Certamente non dobbiamo mai dimenticare che Israele è la sola vera democrazia in tutto il Medio Oriente. Prezioso alleato quindi da proteggere dinanzi a qualsiasi aggressione, da qualunque parte provenga (e che peraltro sa difendersi da solo nel migliore dei modi). E’ però altrettanto vero che questo suo arroccarsi di fronte all’indifendibile occupazione dei territori palestinesi non aiuta. E l’isolamento può contribuire a rendere più insicuro l’intero Paese, accentuandone la vulnerabilità.

Per contro è deplorevole e sommamente vergognoso l’atteggiamento di Hamas che dalla striscia di Gaza gioisce per questo nuovo fatto di sangue.

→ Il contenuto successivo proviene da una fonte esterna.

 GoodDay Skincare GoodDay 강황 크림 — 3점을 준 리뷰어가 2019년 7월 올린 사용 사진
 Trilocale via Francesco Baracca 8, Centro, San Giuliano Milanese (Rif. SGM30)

E’ davvero penoso vedere come i suoi dirigenti siano più interessati a fomentare l’odio per Israele piuttosto che ad impegnarsi per sviluppare economicamente e socialmente il territorio da loro controllato. Fare di Gaza una piccola Svizzera mediorientale, questo dovrebbe essere il vero obiettivo della sua leadership e invece si preferisce farne una prigione a cielo aperto, in barba alle sofferenza inferte alla sua stessa popolazione. Tutto pur di alimentare l’avversione contro Tel Aviv.

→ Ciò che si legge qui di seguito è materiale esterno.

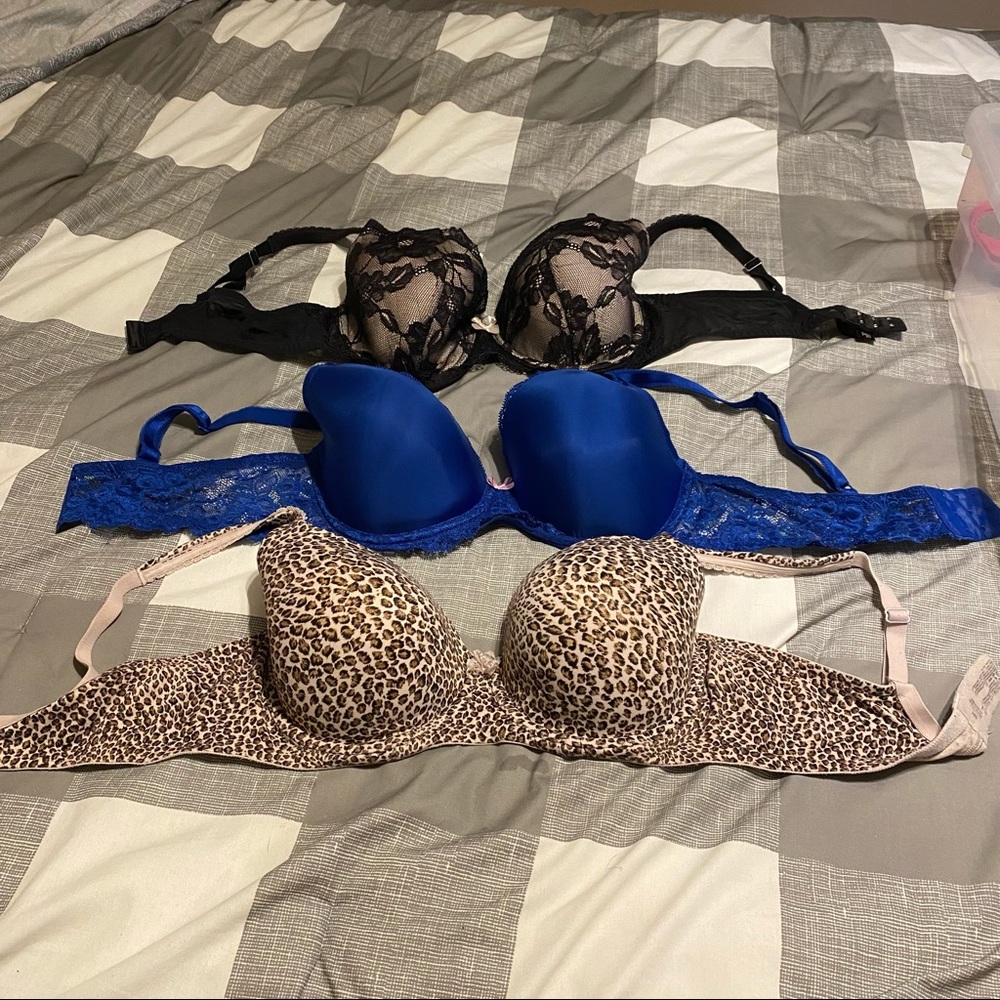 3 Victoria Secret bras for 1 price!! All 38D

Come sempre gli estremismi – quello di Hamas e quello ultranazionalista dello Stato ebraico – si toccano e, in fondo, si aiutano mutualmente. Uno alimenta l’altro, in un reciproco sostegno, forse neanche troppo involontario. Da qui, rabbia e radicalizzazione. Da qui, un terreno nel quale può anche infiltrarsi il fondamentalismo nemico della civiltà.